In the ’70s and ’80s, black was gold. Coal was king.
Coal in tandem with nuclear were to be the white knights of the United States, as we struggled with the Arab oil embargo, price-gouging by the Organization of Petroleum Exporting Countries, and declining oil production at home.
In 1977, the fledgling Department of Energy declared natural gas a “depleted” resource. Today, it battles with solar for cost advantage. The technology of fracking changed everything. Never forget technology’s possible revolutionary impact.
Solar and wind — today’s energy darlings — were struggling as the National Laboratories sought to make them workable. Solar was thought to have its future in mirrors concentrating heat on “power towers.” Wind was regarded with skepticism; even the shape of the towers and blades was in flux.

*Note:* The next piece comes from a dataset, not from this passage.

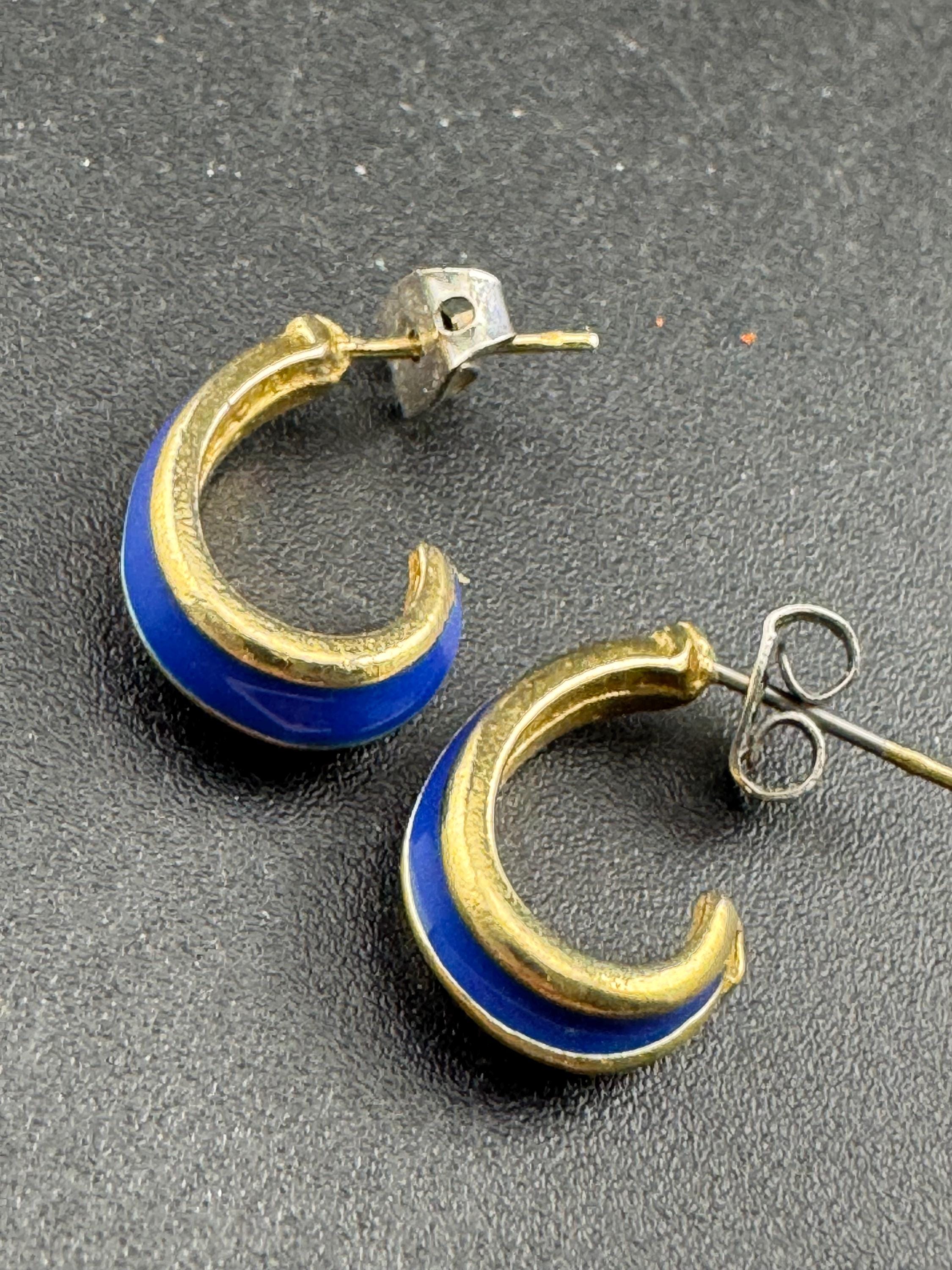 Vintage Retro 1980s Gold tone small blue half hoop enamel pair earrings pierced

Everything that moved would be electrified. Nuclear would be used to make electricity. Coal would be burned as a utility and industrial fuel, and it would be gasified and liquified for transportation and other uses.
Environmentalists were pushing coal as an alternative to nuclear, which they were convinced was dangerous: In the United States it has cost no lives, but gas and oil in various ways have taken their toll.

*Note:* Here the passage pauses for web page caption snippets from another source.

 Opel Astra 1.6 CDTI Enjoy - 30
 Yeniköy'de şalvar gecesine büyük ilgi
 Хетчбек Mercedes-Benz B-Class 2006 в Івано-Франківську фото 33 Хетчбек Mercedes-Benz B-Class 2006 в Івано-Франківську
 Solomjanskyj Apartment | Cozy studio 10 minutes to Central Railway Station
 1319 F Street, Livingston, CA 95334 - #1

Coal and nuclear were bright stars in a dark sky.
In 1974, at the White House, Donald Rice, who later ran the Rand Corporation, speculated in an interview with me on whether there might be oil and gas in the Southern Hemisphere, then considered unlikely and now, with production in South America and South Africa, a game-changer. Beware of the conventional wisdom.

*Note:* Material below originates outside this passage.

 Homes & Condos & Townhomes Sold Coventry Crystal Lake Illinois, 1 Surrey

All of this came flooding back at an extraordinary summit on global energy horizons convened in Washington recently by Dentons, the world’s largest law firm with offices in 79 countries. By pulling in lawyers from Uzbekistan to London, Dentons’ summit was able to fit America’s energy transformation into the global reality.
Richard Newell, president of Resources for the Future, laid out a picture that is sobering. He said that by 2040, the world would be pumping more carbon dioxide into the atmosphere than today, notwithstanding dramatic actions to curb burning fossil fuels in North America, Europe and China. The problem is the growth in demand for electricity in what is being called the “Global East,” where new coal plants are coming online in China, India and Indonesia among other countries. This despite all deploying solar and wind, and India and China having aggressive nuclear growth plans. The electricity need in the region is great and fuel solution is fossil, mostly coal.
Enter Ernest Moniz. The former secretary of energy who now heads his own think tank, Energy Futures Initiative, is a passionate backer of carbon capture use and storage. Moniz, also an adviser to Dentons, is laying out a whole scenario of “carbon capture from air” that is persuasive. It is part of his newly unveiled “Green Real Deal.”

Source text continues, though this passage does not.